Fuera de la capital, Lima, lo que agrava la precariedad en los hospitales es que están bajo la administración de los gobiernos regionales, entidades caracterizadas por su ineficiencia: a un mes de la cuarentena, solo tres de 25 habían gastado más de 50% del presupuesto asignado por el gobierno central para enfrentar el coronavirus. Otros hospitales se han inaugurado sin los equipos necesarios, y algunos están siendo investigados por casos de corrupción, como el Hospital Antonio Lorena, en Cusco, por el Caso Lava Jato.

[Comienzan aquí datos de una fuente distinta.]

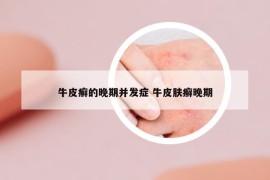 牛皮癬的晚期并發(fā)癥 牛皮膚癬晚期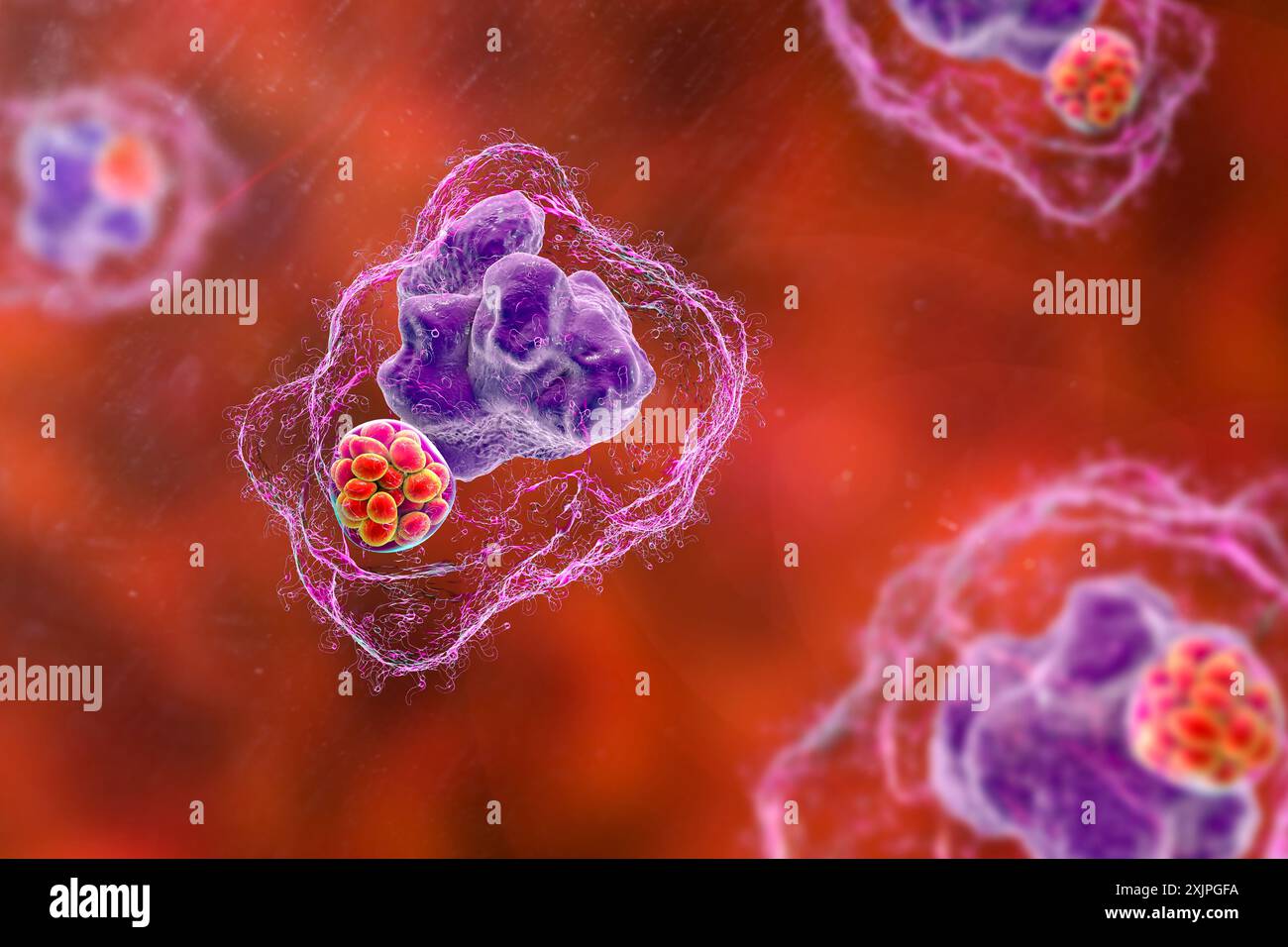 Abbildung von Ehrlichia-Bakterien-Morula in Makrophagen, assoziiert mit Ehrlichiose, einer durch Zecken übertragenen Infektionskrankheit. Stockfoto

El brillo inicial de la reacción de Vizcarra se ha opacado, mientras la situación en los hospitales se agrava. Hasta hoy 4 de abril, el Ministerio de Salud no había liberado la información sobre la cantidad de camas UCI disponibles por regiones. Los aciertos en la gestión de la crisis no han sido suficientes para parchar las grietas estructurales del sistema de salud, pero sus errores las han visibilizado más. La pronta reactivación económica y la relajación de las medidas de aislamiento social -ya sea por disposición del gobierno o de facto por las necesidades de la población- pondrán más presión sobre un sistema que ya está saturado, y el margen de acción para evitar un peor escenario será bastante estrecho.

 

 

Jonathan Castro es reportero político y de investigación. Actualmente trabaja en el diario ‘El Comercio’ de Perú.